There are two programs designed for those who want to try their hand at Tabata training and practice this sport correctly: the first alternates sprinting on an exercise bike for a maximum of 20 seconds with free body exercises and also for 20 seconds as squats. , push-ups, and abs. On the other hand, the second alternates sprinting on an exercise bike or rowing machine with exercises with weights, such as squats and pull-ups – performed with the barbell – or chest muscles with dumbbells. A “typical” Tabata training workout, lasting 15 minutes, can therefore be structured as follows: it begins with a short warm-up or stretching of 2 minutes, followed by exercises of 6 minutes each. In these 6 minutes, each set of the chosen exercise must last 20 seconds with ten rests. 

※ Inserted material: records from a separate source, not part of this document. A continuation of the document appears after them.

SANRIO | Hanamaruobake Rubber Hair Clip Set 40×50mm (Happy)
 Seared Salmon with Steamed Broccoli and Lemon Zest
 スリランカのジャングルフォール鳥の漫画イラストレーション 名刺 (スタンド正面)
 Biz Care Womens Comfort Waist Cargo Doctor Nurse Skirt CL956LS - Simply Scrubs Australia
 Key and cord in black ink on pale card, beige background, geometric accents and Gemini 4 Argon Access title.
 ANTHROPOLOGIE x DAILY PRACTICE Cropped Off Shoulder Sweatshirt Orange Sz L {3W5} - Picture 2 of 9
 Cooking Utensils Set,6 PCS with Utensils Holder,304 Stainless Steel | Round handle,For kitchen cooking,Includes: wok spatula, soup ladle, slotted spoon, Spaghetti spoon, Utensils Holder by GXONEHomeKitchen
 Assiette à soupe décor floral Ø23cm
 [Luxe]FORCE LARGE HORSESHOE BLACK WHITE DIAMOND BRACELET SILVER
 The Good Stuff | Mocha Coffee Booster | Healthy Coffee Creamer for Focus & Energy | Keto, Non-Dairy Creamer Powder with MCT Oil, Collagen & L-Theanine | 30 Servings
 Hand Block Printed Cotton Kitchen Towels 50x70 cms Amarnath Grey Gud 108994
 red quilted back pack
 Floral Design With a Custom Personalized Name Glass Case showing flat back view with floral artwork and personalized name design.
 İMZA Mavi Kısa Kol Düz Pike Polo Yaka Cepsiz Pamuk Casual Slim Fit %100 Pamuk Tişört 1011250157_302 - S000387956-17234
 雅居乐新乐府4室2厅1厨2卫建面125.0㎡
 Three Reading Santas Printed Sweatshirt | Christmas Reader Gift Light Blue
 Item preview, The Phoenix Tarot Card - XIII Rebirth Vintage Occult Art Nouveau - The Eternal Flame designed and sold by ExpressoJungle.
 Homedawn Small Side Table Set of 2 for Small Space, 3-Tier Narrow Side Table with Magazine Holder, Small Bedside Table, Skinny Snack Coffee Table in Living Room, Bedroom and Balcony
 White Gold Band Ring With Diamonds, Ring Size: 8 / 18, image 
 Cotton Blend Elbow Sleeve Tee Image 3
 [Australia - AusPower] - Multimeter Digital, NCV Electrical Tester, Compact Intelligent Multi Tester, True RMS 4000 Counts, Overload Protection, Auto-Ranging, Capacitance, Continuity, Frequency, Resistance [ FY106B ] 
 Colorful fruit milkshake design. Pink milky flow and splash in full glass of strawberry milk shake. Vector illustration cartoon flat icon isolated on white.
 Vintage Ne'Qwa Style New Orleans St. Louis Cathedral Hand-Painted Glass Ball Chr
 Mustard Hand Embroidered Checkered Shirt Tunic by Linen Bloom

We start with the exercise bike or the rowing machine – at maximum speed – and then proceed with the next 6 minutes of exercises with weights or free body, which can be push-ups, lunges, or squats, with always10 seconds of rest between each intensive set of 20. You will then have 1 minute of recovery at the end of the workout: the cool-down should be done at low speed on the exercise bike. The specialized logical data and general exhortation on ways of life and prosperity distributed through this blog can be followed back to the assessment of experts in the area. They don’t have a clinical nature as they manage the issues from an enlightening and non-conclusive perspective. Like this, they are to be viewed as conventional and can’t be credited to the specific circumstances of the peruser. Regardless, it is suggested that you counsel your PCP or other wellbeing specialists for any questions or additional data.

The Benefits

As supported by numerous studies on HIIT since the early nineties and as evidenced by the most recent scientific research, the benefits of improving cardiovascular performance, weight loss, and physiological adaptations derived from this type of training are remarkable. They have been judged to be comparable, if not superior, to traditional aerobic activity at moderate intensity and constant heart rate. Based on these results, Tabata training has often been proposed in the fitness field as an effective method for weight loss. Furthermore, high-intensity cardio exercise positively affects the hormonal profile, as it increases the levels of lipolytic hormones such as GH and catecholamines (adrenaline, noradrenaline) and causes a lower elevation of cortisol levels.